Assignment
Below are the records; retype them exactly and omit each picture.

Exercise data
* * * *

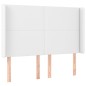 Giroletto Molle con Materasso e LED Bianco 140x190cm Similpelle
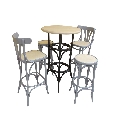 Set mobilier inalt bistro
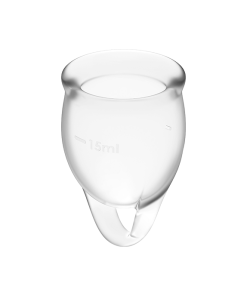 Alternative view of SATISFYER FEEL CONFIDENT MENSTRUAL CUP CLEAR  15+20ML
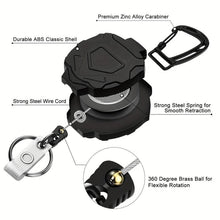 Load image into Gallery viewer, Retractable Badge Holder with Carabiner Clip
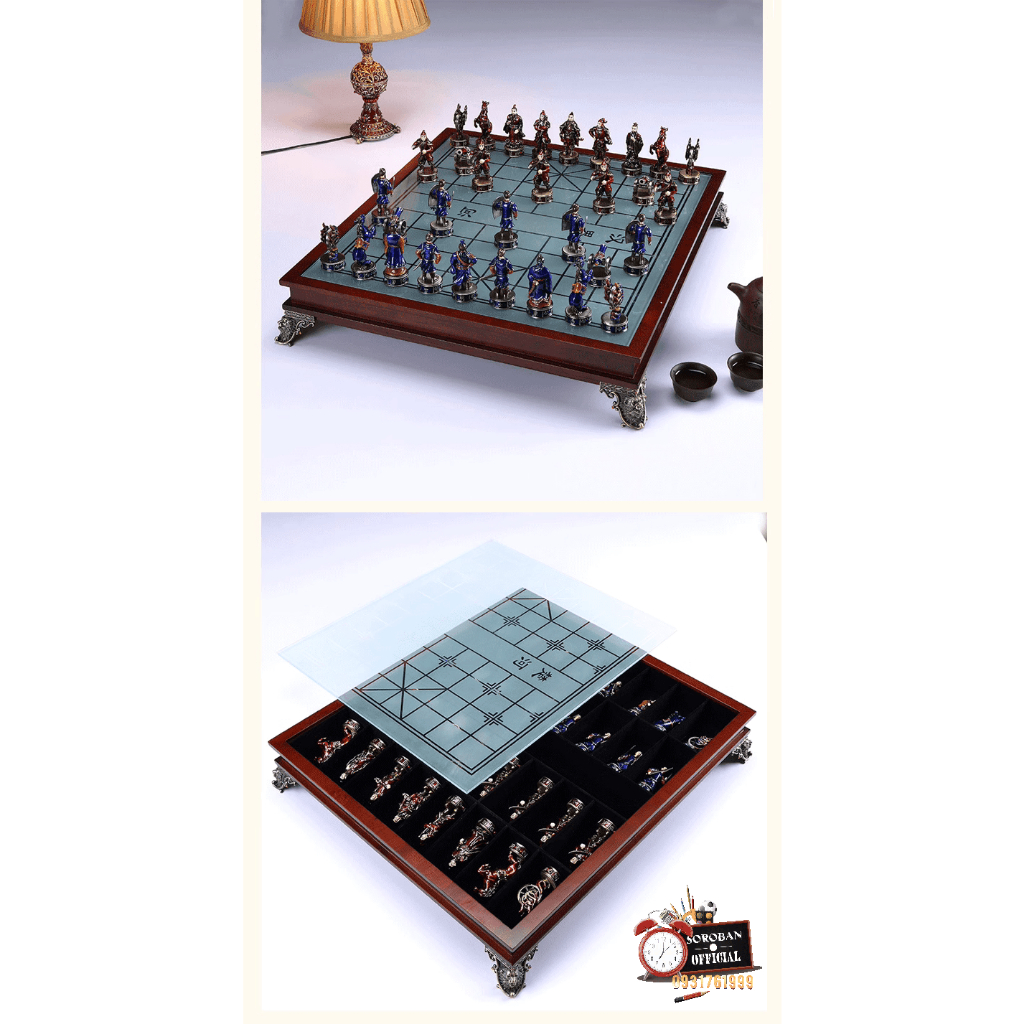 Cờ Tướng Cao Cấp - Sản Phẩm Trang Trí Nội Thất Và Quà Tặng Độc Đáo, Tinh Hoa Gỗ Tự Nhiên và Kim Loại Nguyên Khối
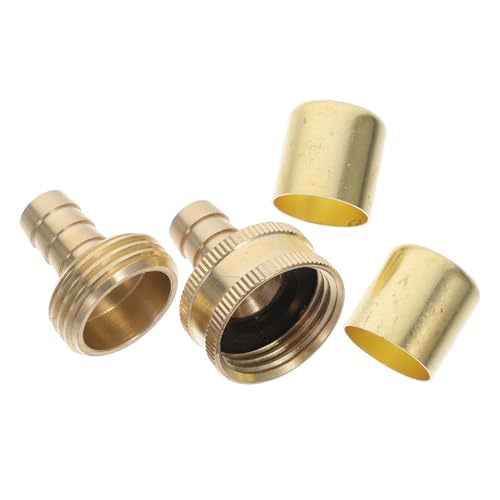 Gatuida Messing Gartenschlauchverbinder Schnellkupplung Wiederverwendbar für Gartenbewässerung Autowäsche Poolreinigung Einfache Installation Schlauchanschluss Gatuida Messing Gartenschlauchverbinder Schnellkupplung Wiederverwendbar für Gartenbewässerung Autowäsche Poolreinigung Einfache Installation Schlauchanschluss von Gatuida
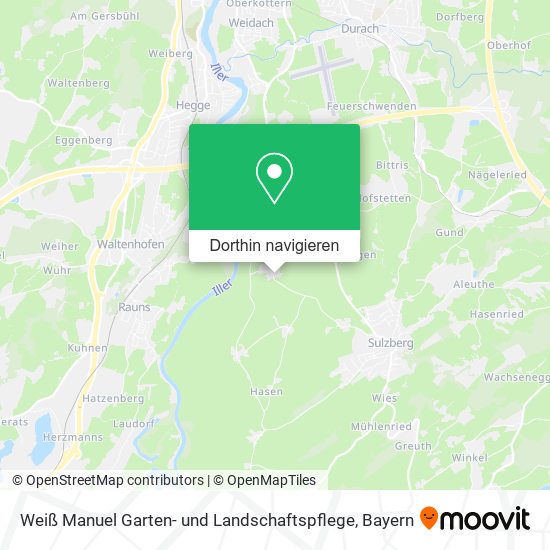 Weiß Manuel Garten- und Landschaftspflege Karte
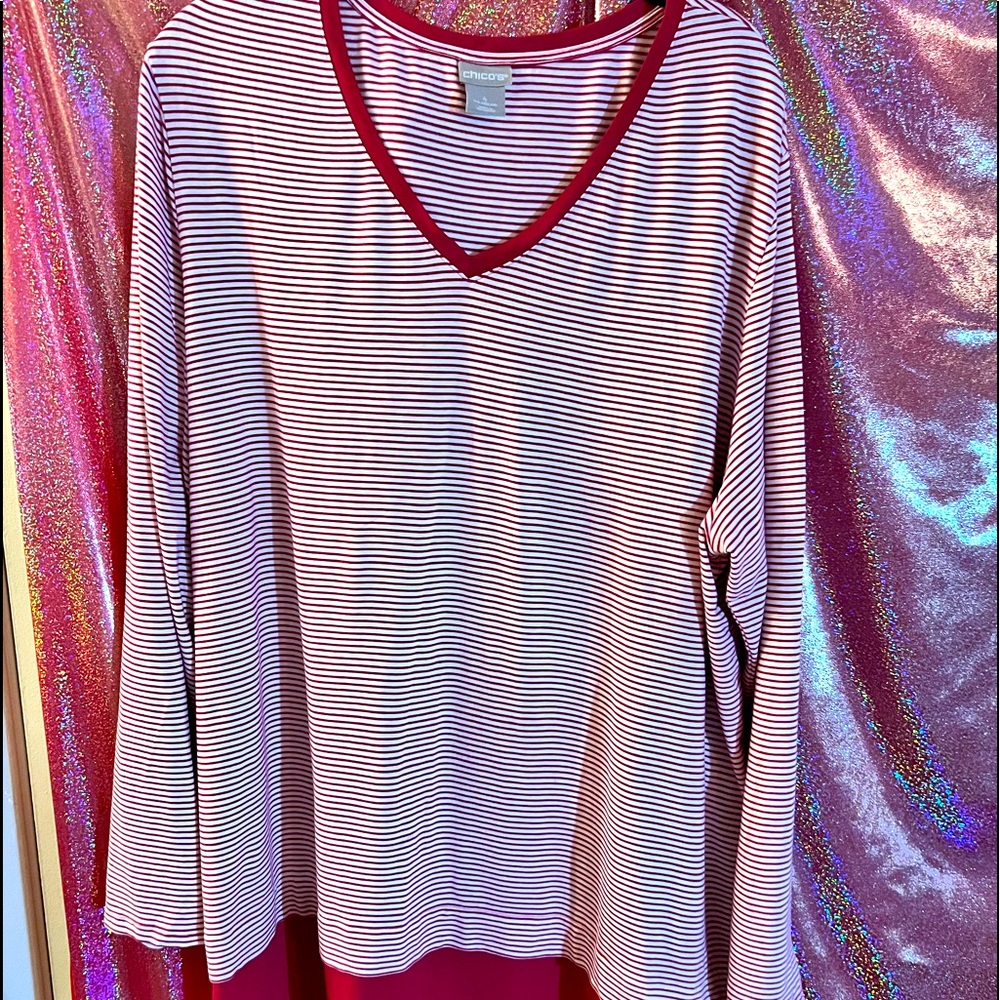 Dressy long sleeve top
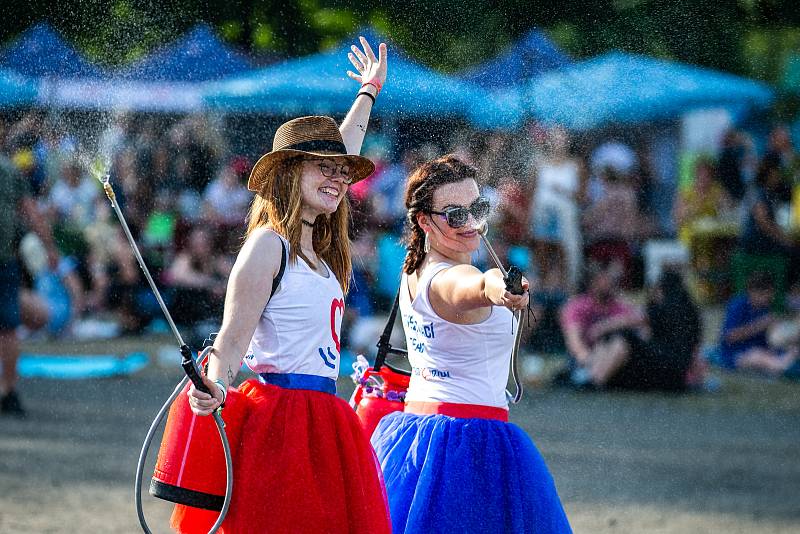 Hudební festival Colours of Ostrava 2019 v Dolní oblasti Vítkovice, 20. července 2019 v Ostravě.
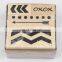 5 Pieces Wooden Sign Stamp Custom Rubber Stamp Set Children DIY Accessories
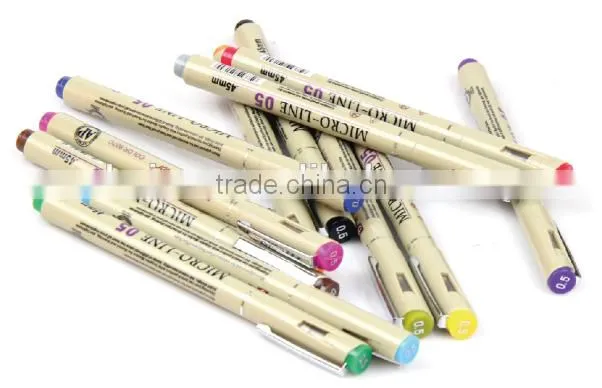 Factory wholesale Micro pen water base ink colorful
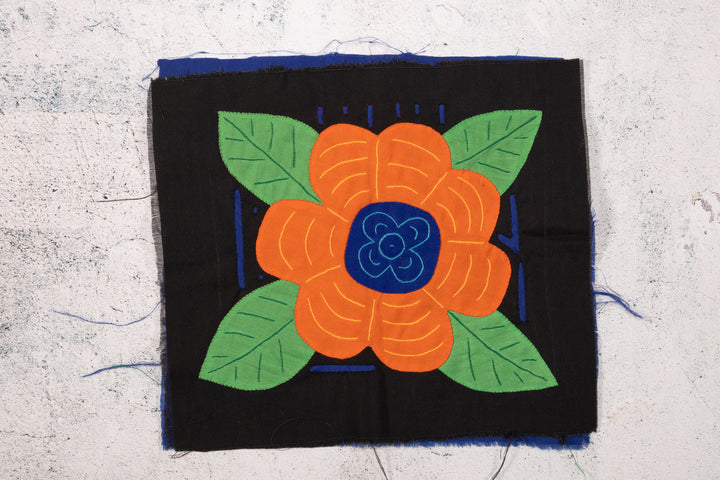 Flower Molita, Wall Decor, Panama Mola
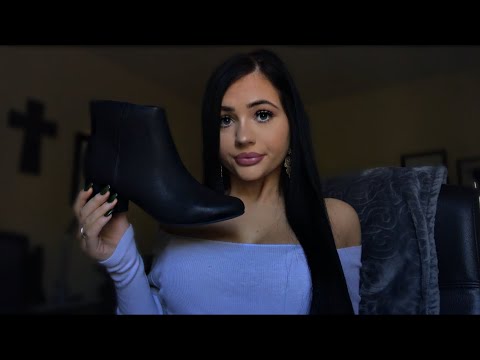 ASMR| TINGLY SHOE UNBOXING/ REVIEW  + HUGE GIVEAWAY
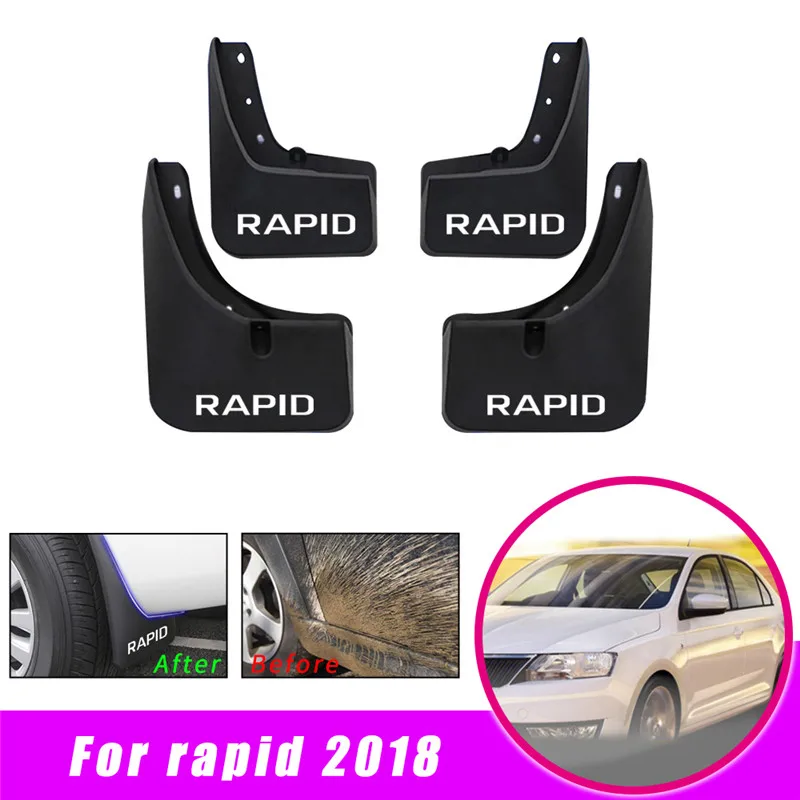 Автомобильные Брызговики для Skoda Rapid автомобиль брызговики брызговик авто крыло брызговиков вспышек авто аксессуары 4 шт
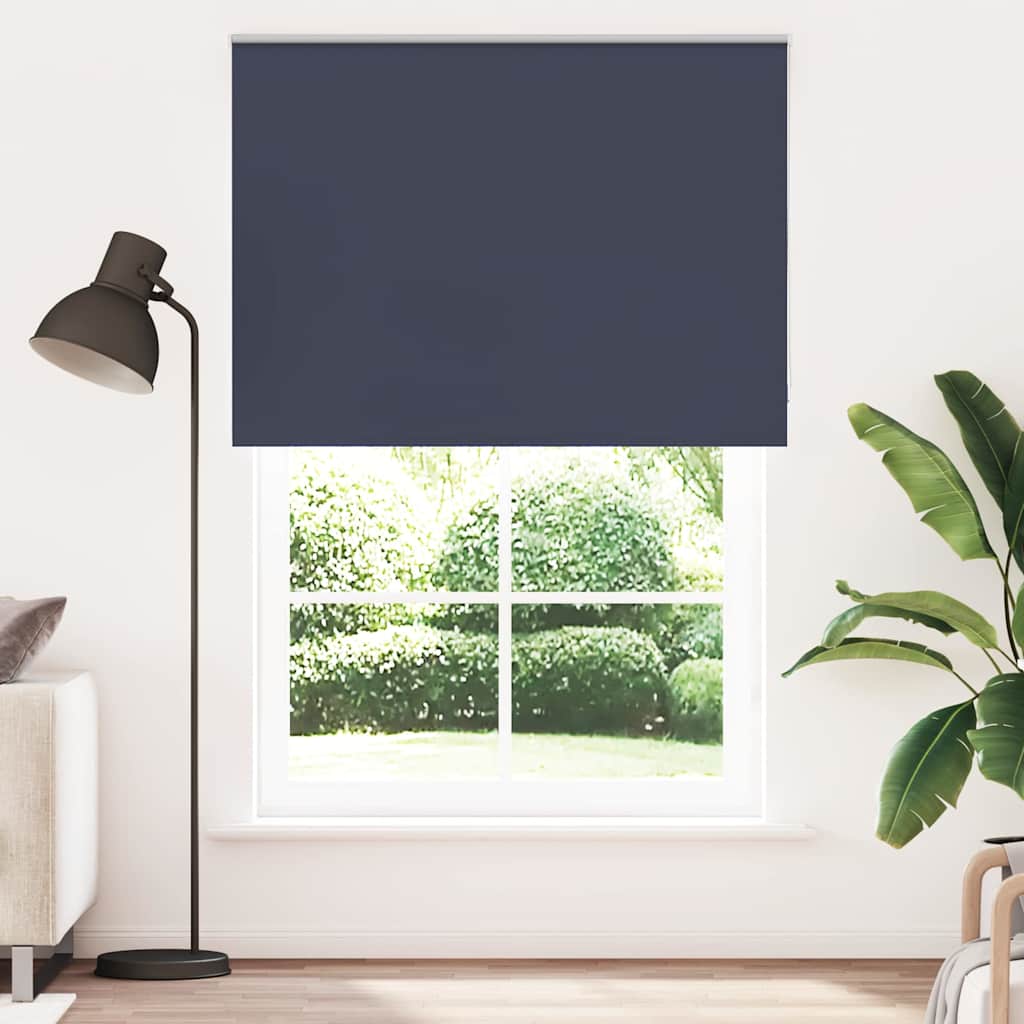 Rolgordijn verduisterend 160x230 cm stofbreedte 156,6 cm blauw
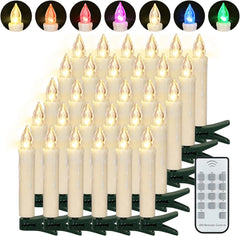 LED brezžične božične sveče z daljinskim upravljalnikom - 30 kosov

* * * *

Result
 Giroletto Molle con Materasso e LED Bianco 140x190cm Similpelle
 Set mobilier inalt bistro
 Alternative view of SATISFYER FEEL CONFIDENT MENSTRUAL CUP CLEAR  15+20ML
 Load image into Gallery viewer, Retractable Badge Holder with Carabiner Clip
 Cờ Tướng Cao Cấp - Sản Phẩm Trang Trí Nội Thất Và Quà Tặng Độc Đáo, Tinh Hoa Gỗ Tự Nhiên và Kim Loại Nguyên Khối
 Gatuida Messing Gartenschlauchverbinder Schnellkupplung Wiederverwendbar für Gartenbewässerung Autowäsche Poolreinigung Einfache Installation Schlauchanschluss Gatuida Messing Gartenschlauchverbinder Schnellkupplung Wiederverwendbar für Gartenbewässerung Autowäsche Poolreinigung Einfache Installation Schlauchanschluss von Gatuida
 Weiß Manuel Garten- und Landschaftspflege Karte
 Dressy long sleeve top
 Hudební festival Colours of Ostrava 2019 v Dolní oblasti Vítkovice, 20. července 2019 v Ostravě.
 5 Pieces Wooden Sign Stamp Custom Rubber Stamp Set Children DIY Accessories
 Factory wholesale Micro pen water base ink colorful
 Flower Molita, Wall Decor, Panama Mola
 ASMR| TINGLY SHOE UNBOXING/ REVIEW  + HUGE GIVEAWAY
 Автомобильные Брызговики для Skoda Rapid автомобиль брызговики брызговик авто крыло брызговиков вспышек авто аксессуары 4 шт
 Rolgordijn verduisterend 160x230 cm stofbreedte 156,6 cm blauw
 LED brezžične božične sveče z daljinskim upravljalnikom - 30 kosov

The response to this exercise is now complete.